How long does Raspberry-Lemon Curd Tartlets with Almond Crust take to make?

Total time is about 80 minutes (45 min prep + 35 min cook). Most home bakers find this fits a weekend afternoon; chill or store as the recipe directs before serving.

How do I store leftover Raspberry-Lemon Curd Tartlets with Almond Crust?

Cool fully before storing. Most baked desserts keep at room temperature in an airtight container for 2–3 days, or in the fridge for up to 5 days. Cream- or custard-based desserts must go in the fridge within 2 hours; reheat gently or serve cold per the recipe.

Can I substitute ingredients in Raspberry-Lemon Curd Tartlets with Almond Crust?

Yes — most ingredients in this recipe have flexible swaps. For oil, use any neutral high-smoke-point oil (avocado, grapeseed, refined coconut). For aromatics, dried herbs at ⅓ the volume of fresh work in a pinch.
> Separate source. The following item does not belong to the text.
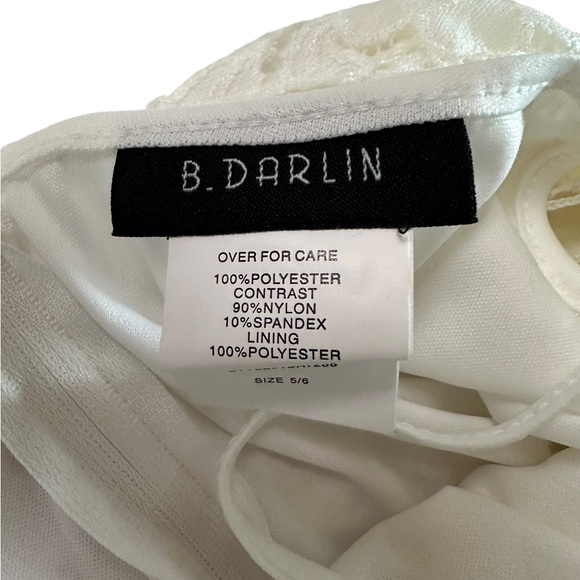 B. Darlin Polka Dot Lace Dress Size 5/6 - Picture 11 of 13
The full ingredient list is shoppable on Instacart so you can see substitutes in real time.

How do I scale Raspberry-Lemon Curd Tartlets with Almond Crust for a different number of people?

The recipe is written for 12 servings. Multiply each ingredient by (your serving target / 12). Cook time stays roughly the same up to 2x; for 3-4x batches, switch from a skillet to a sheet pan or stockpot so the food isn't crowded — overcrowding steams instead of browns.

What goes well with Raspberry-Lemon Curd Tartlets with Almond Crust?

French desserts like this pair well with a simple grain (rice, couscous, or crusty bread), a quick salad with acid (lemon vinaigrette, pickled onions), and a pan sauce or yogurt-based dip. Tap "Plan a meal with the AI" to get specific side suggestions.